Tanan rowed hard, using his replenishment chant to push his body beyond its normal limits. He couldn’t remember a time when he hadn’t been tired. He wanted nothing more than to sleep.

Before he could sleep, though, he had to end this.

CHAPTER SEVENTY-ONE

Tanan arrived on the mainland just a half mile from the camp where he had killed the boat guards.  He was so tired he just climbed out of the boat and let it drift.  When he stumbled into the camp, he was exhausted.  The world was a blur.  He couldn’t put it off any longer, he had to sleep.

His protective bubble was still in place over the tent.  Tanan removed the bubble and went into the tent.  He collapsed onto a cot, summoned a large protective bubble around the tent and slept.

•        •        •

When he woke, it was morning.  He didn’t know how long he’d slept, but he was hungry.  His null time bubble had kept the food fresh, so he ate his fill.  He stripped off the King’s Legion clothing, threw them into the fire pit and set them on fire.  After a quick dip in the ocean he put on his Abbot’s cassock.

It was time.

Tanan sat cross legged on the beach and looked out over the water.  He created a protective bubble around himself and then closed his eyes.  He entered a fast time state and began to meditate, eventually entering a state of deep meditation.
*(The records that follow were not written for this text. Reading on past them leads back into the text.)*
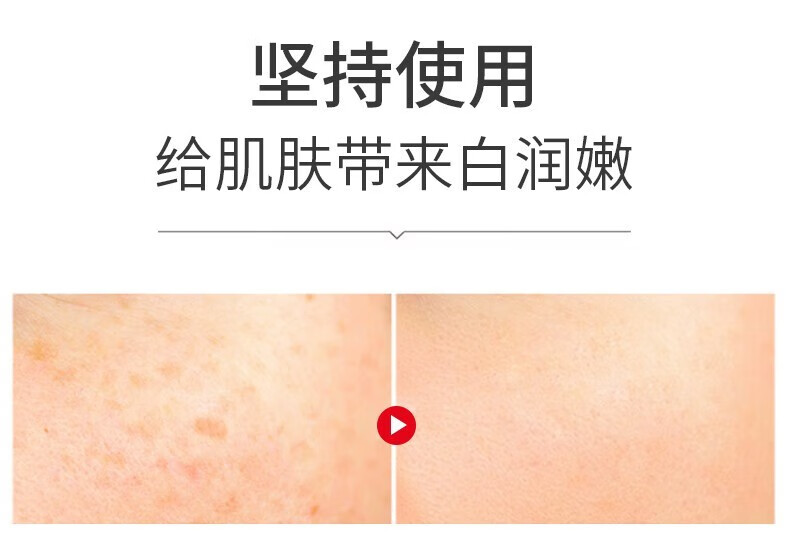 人仁和匠心修护美白祛斑霜 淡化斑烟酰胺精华膏提亮肤色保湿素颜熬夜 祛斑套装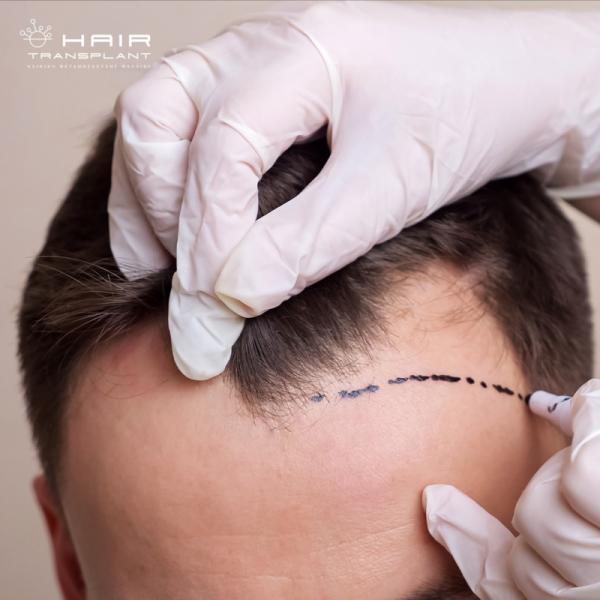 hairtransplant.gr Κέντρο μεταμόσχευσης μαλλιών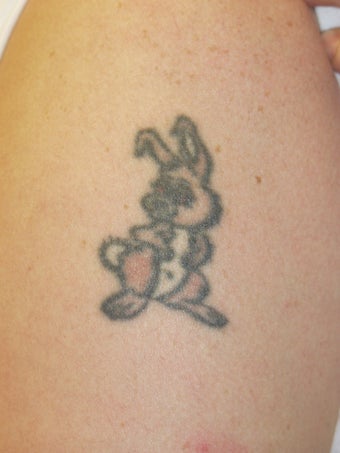 Laser Tattoo Removal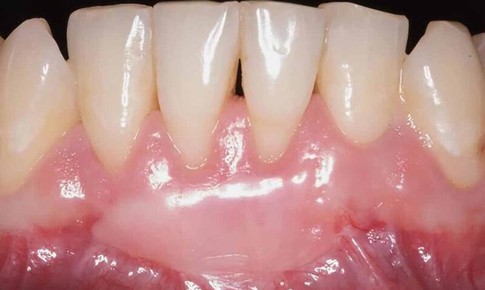 Những điều nên và không nên sau ghép lợi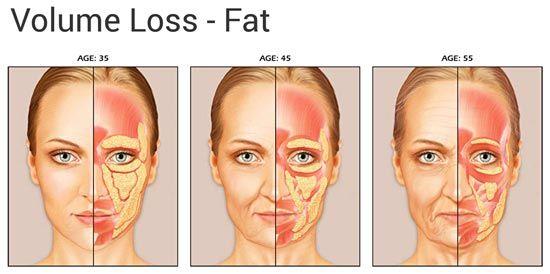 Sundance K. reccomend Ipl facial fat loss photos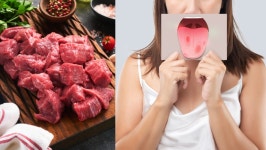 햄 고기 많이 먹었더니...대장암 말고도 이 암 위험?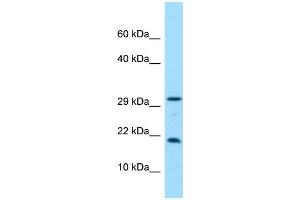 WB Suggested Anti-CRYGN Antibody Titration: 1.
After a time, he felt his consciousness separate from his body.  He was acutely aware of the energy in the air around him.  He could feel the tremendous power of the sea. 

Tanan’s consciousness floated up and looked down at his body on the beach below.  He moved higher and higher, to where the energy in the air became a cold nothing.  He looked at the world curving below him, a mix of water and land.  Plains and desert.  It was beautiful.

Komisan sat in the water between two large masses of land.  He dove for the center of the large island and into the earth.  Tanan slipped through solid rock and kept going down and down until the rock turned to liquid fire.  The energy in this churning world of molten earth was tremendous.  Tanan spread himself across the energy, absorbing it until he became one with the fire.

And then he began to slide upward, between the cracks in the rocks, pushing into the tight spaces, melting solid rock and absorbing it into himself.  He was a serpent of molten fire, slithering upward between the layers, throwing aside solid rock, dissolving it, making it part of himself.

He was close to the surface now.  The earth stirred and shook as he slithered beneath it.  He heard Soama’s voice whispering to him, “Kill them all.  Kill them all.  Kill them all.”  He saw his father’s dead body on the ground, with the crossbow bolt in his eye.  He saw his grandfather being cut down by faceless soldiers.

•        •        •

Komisan trembled.  Cracks appeared in the ground all over the island.  The earth heaved and buckled.  The low range of mountains that crossed the island crumbled.  And then the earth split and hell exploded out of the opening.  A rolling shockwave of heat and ash rolled across the island of Komisan, flattening trees, buildings and people.  Liquid rock erupted from the opening and rained down fire on every town, village and forest across Komisan.  A cloud of ash and poison gas spread across the land and into the sky.

•        •        •

Abbots at Jesera, and the few remaining Lataki tribes on the plains felt the earth quake and saw the black cloud climb into the sky over Komisan.  The thousand men of the second mainland Komisani army stood on the beach, twenty miles north of Tanan’s empty vessel, and watched as Komisan erupted, and then collapsed in on itself and sank into the sea.